O aumento de idade da frota em circulação está atrelado à prática de caminhoneiros autônomos em tentar prorrogar o uso de veículos pelo maior tempo possível, conforme analisa Felipe Barcellos, pesquisador do Instituto de Energia Meio Ambiente (Iema).

“Não se tem um número ideal de quantos por cento um caminhão tem de vida útil, mas quanto mais o caminhão vai ficando velho, quanto mais tempo ele tem de rodagem, duas coisas acontecem: ele vai ficando menos eficiente e o motor mais desgastado.
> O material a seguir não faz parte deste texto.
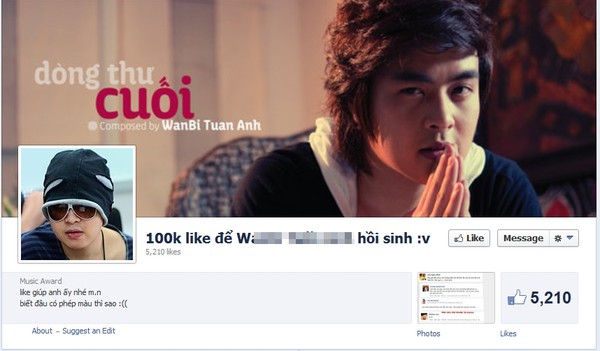 Phẫn nộ hàng loạt fanpage lợi dụng sự ra đi của Wanbi Tuấn Anh 1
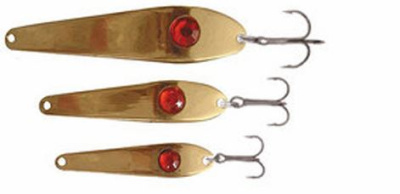 Блесна вертикальная зимняя Lucky John Fin Model A с тройником 9г G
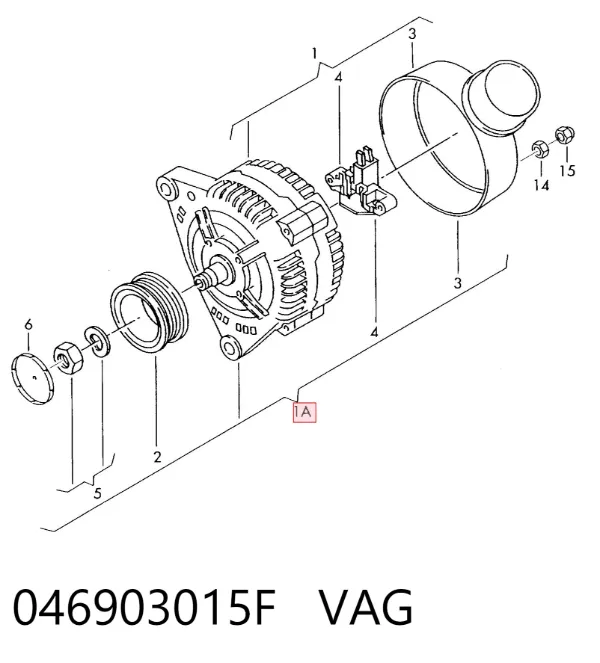 Alternator 046903015F VAG
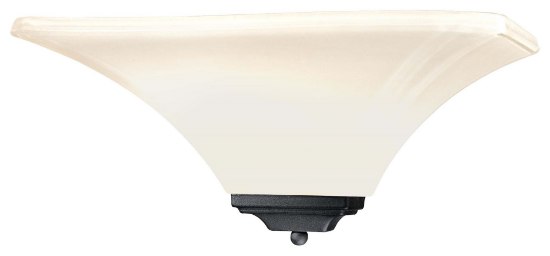Picture of 100w SW 1 Light Wall Sconce Black Lamina Blanca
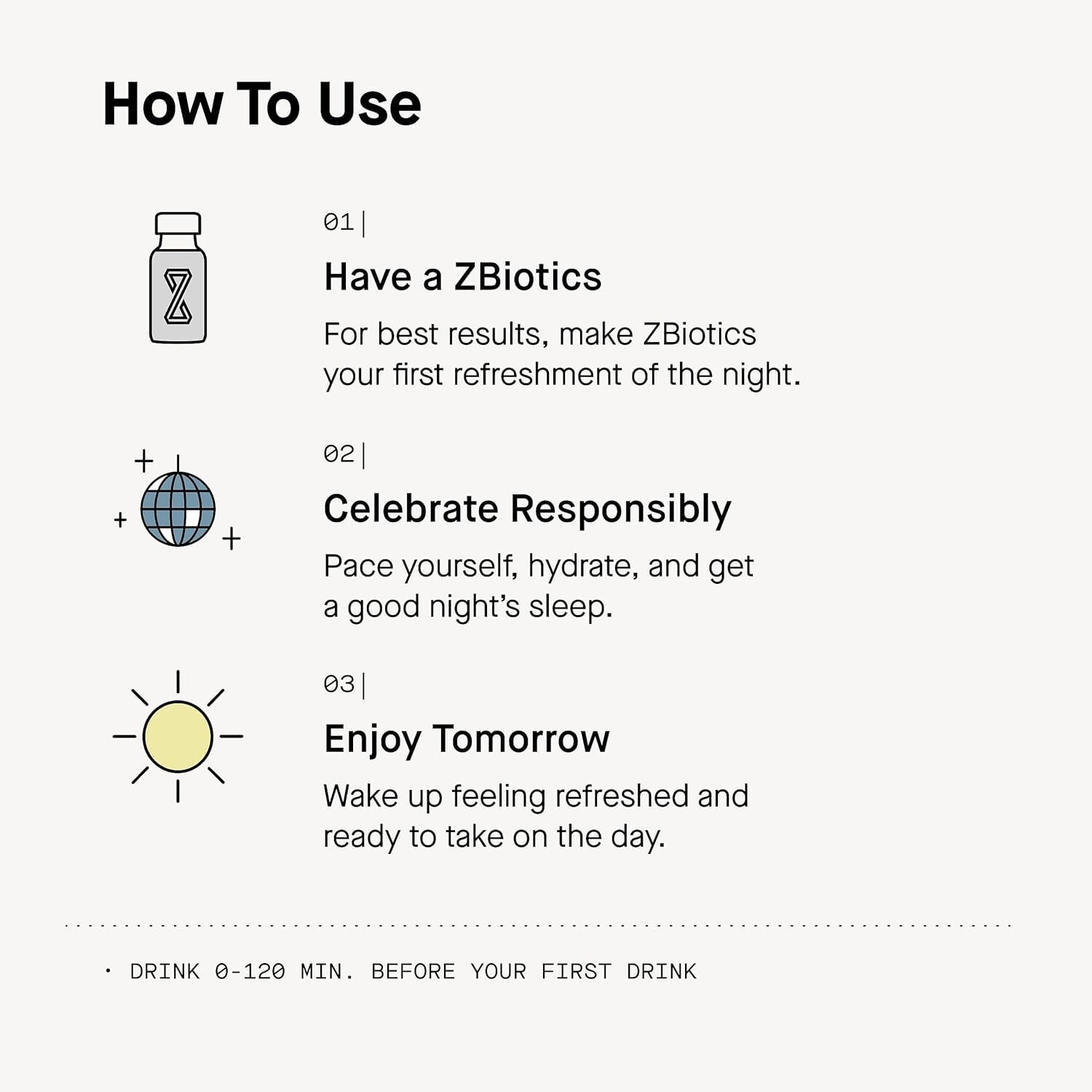 ZBiotics — Feel Better After Drinking Wake Up Refreshed Science-Backed Patent…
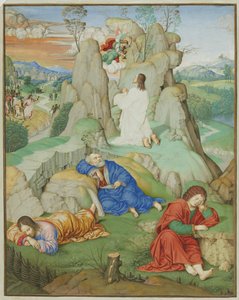 Helsida miniatyr: The Agony in the Garden, 1490-1500.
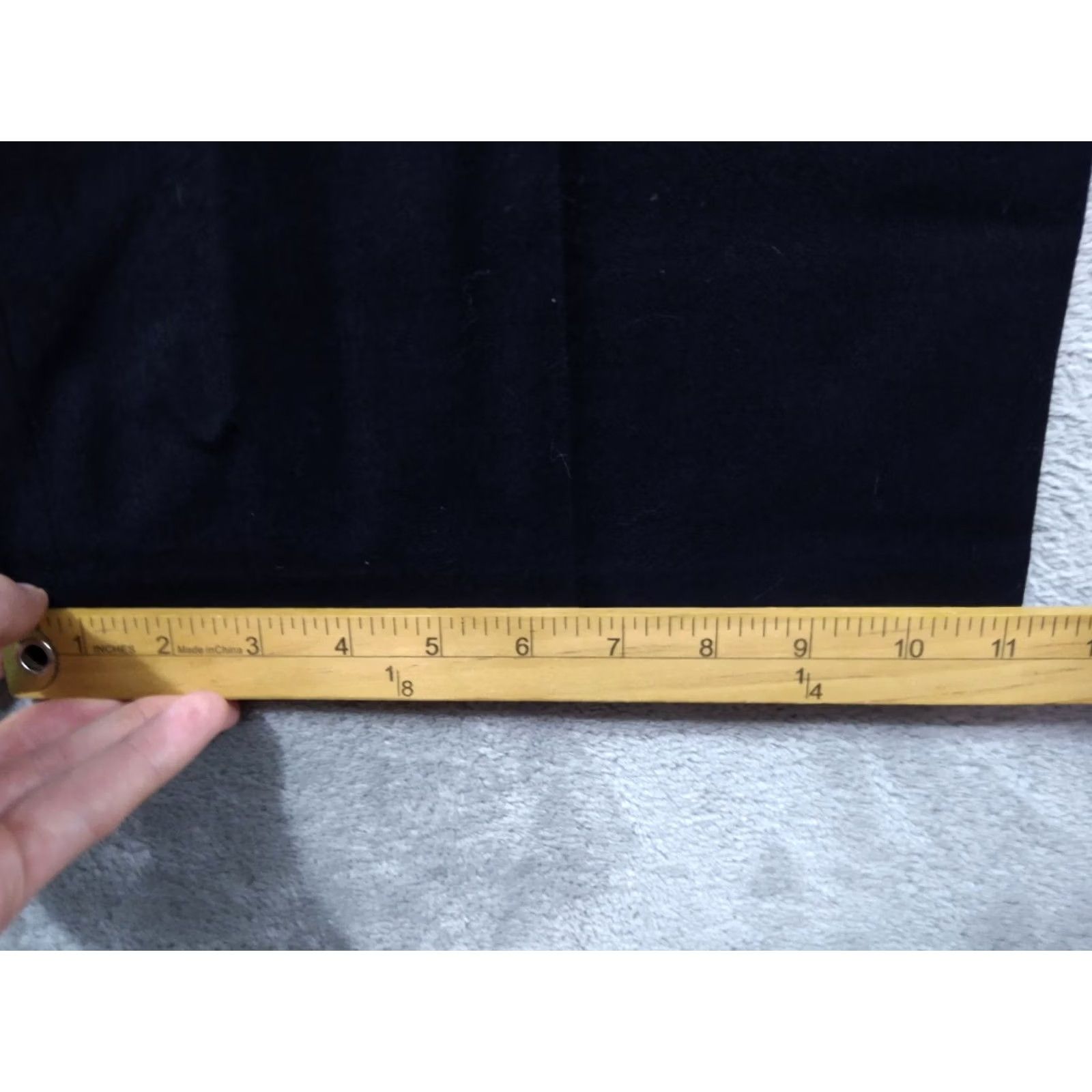 Talbots Talbots Dress Pants Women 16 Petite Black Wool Stretch Wide Leg High Rise Career Size 38" / US 16 / IT 52 - 6 Thumbnail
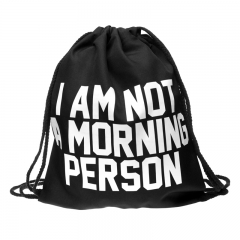 Drawstring bag morning person
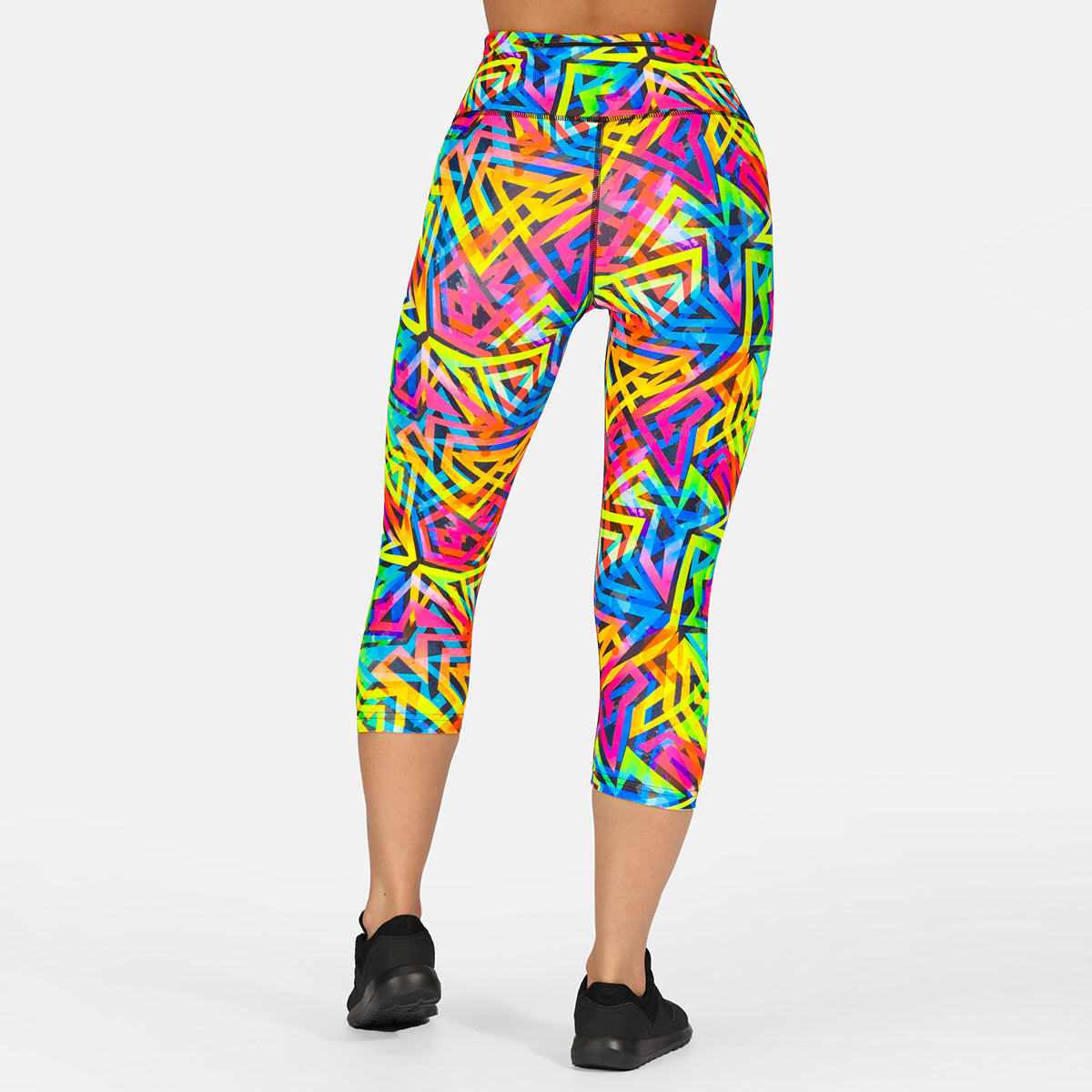 Prism Capri Pants - Women's High Waisted Yoga Pants with Pockets for Workout, Lounge & Travel | Stretchy Comfort Fit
Então, ele tende a consumir mais combustível por quilômetro e isso, fatalmente, emite mais”, diz.

A idade mais elevada de veículos - de 16 aos mais de 20 anos - alcança 500 mil dos 7,5 milhões de caminhões em circulação no país. Por outro lado, cerca de meio milhão de todos os que estão na rua foram fabricados entre 2010 e 2014. Segundo informações do Inventário Nacional de Emissões do Transporte Rodoviário analisados pelo Iema ao SBT News, os anos de 2022 e 2021 têm o melhor índice de aquisição de veículos novos.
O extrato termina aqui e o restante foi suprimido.